Artykuł pochodzi z darmowego newslettera Poczta Zdrowia www.pocztazdrowia.pl

Źródła:
1. http://articles.mercola.com/sites/articles/archive/2008/01/02/
acne-drug-part-two.aspx, consulté le 27 septembre 2011
2. Adebamowo CA, et al. High school dietary intake and teenage acne. J Am Acad Dermatol. 2005;52(2):207-14
3. Adebamowo CA, et al. Milk consumption and acne in adolescent girls. Dermatol Online J. 2006 May 30;12(4):1
4. Adebamowo CA, et al. Milk consumption and acne in teenaged boys. J Am Acad Dermatol. 2008;58(5):787-93
5. Hoyt G, et al. Dissociation of the glycaemic and insulinaemic responses to whole and skimmed milk. Br J Nutr 2005;93(2):175-177

1 komentarz:

  1. JEDZENIE = ŻYCIE! *****

    PRAWIDŁOWA BIOLOGICZNIE, PROZDROWOTNA METODA ODŻYWIANIA:
    Tzw. dla współczesnego człowieka powinna akceptować wszelkie uwarunkowania naszej przyrody, ewolucją narzucone reguły. Stanowi to trudny problem, ale bez badań; krew, wydzieliny, wydaliny, pierwiastki włosa, jest to absolutnie niemożliwe.

    WTEDY MOŻNA TYLKO PRZERZUCAĆ SIĘ PSEUDO REGUŁAMI:
    Na węch i czucie, również przypuszczenia. Kto zada sobie trud i zbada jak podnosi się poziom cukru przy poszczególnych produktach, jaki jest wpływ tłuszczów i jak, tj. w jakiej ilości się odkładają, jak organizm oddziaływuje na rodzaje białek itd. to wyniki dla wszystkich ludzi są niemal identyczne ew. drobna skala technicznego błędu.

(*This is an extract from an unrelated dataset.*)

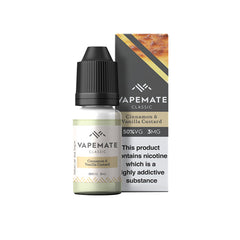 Vapemate Classic 18mg 10ml E-Liquid (70VG/30PG)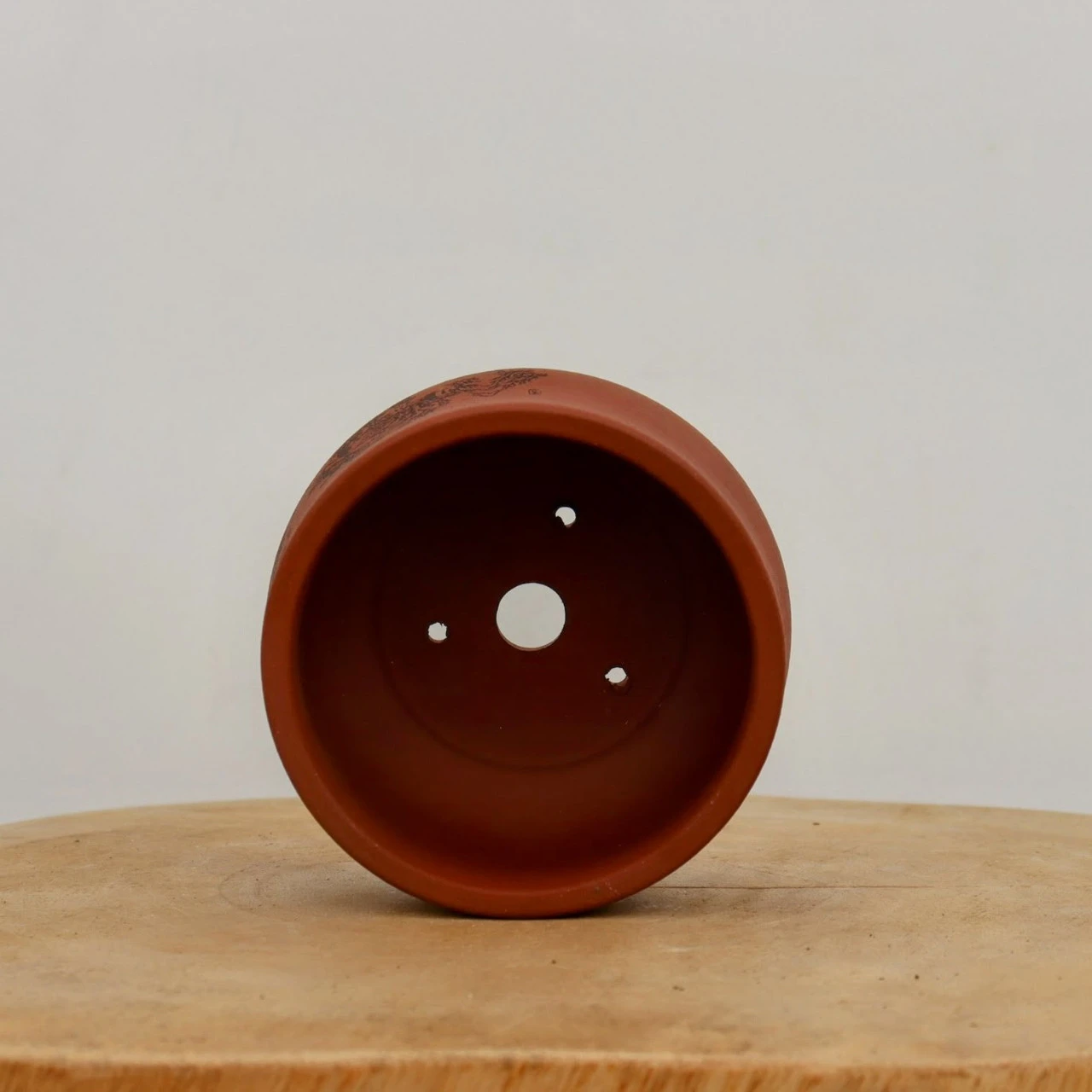 4" Etched Yixing Bonsai Pot (No. 2161) 3 4" Etched Yixing Bonsai Pot (No. 2161) - Image 3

    A WIĘC; PRZY ZWALCZANIU WSZELKICH CHORÓB / OTYŁOŚCI, RÓWNIEŻ CUKRZYCY TYPU 2, WAŻNA JEST WIEDZA:
    Klasyfikująca pożywienie na kategorie uwzględniające zawartość tłuszczów, NISKICH WĘGLOWODANÓW, WYSOKICH WĘGLOWODANÓW; tj. tych które sprzyjają powstawaniu otyłości i cukrzycy typu 2, a które nie, oraz pozostałych składników. Stosunkowo prostym jest zaznajomić się z tabelami pożywienia wg tzw. INDEKSU ŻYWIENIOWEGO TJ. IŻ PRODUKTU. To wystarcza, aby samemu decydować o łatwym doborze składników swojej diety, co stanowi na szczęście, rozwiązanie trudnego problemu dotyczącego zwalczania obu chorób. Lekarz rodzinny jednoznacznie, też nam to potwierdzi.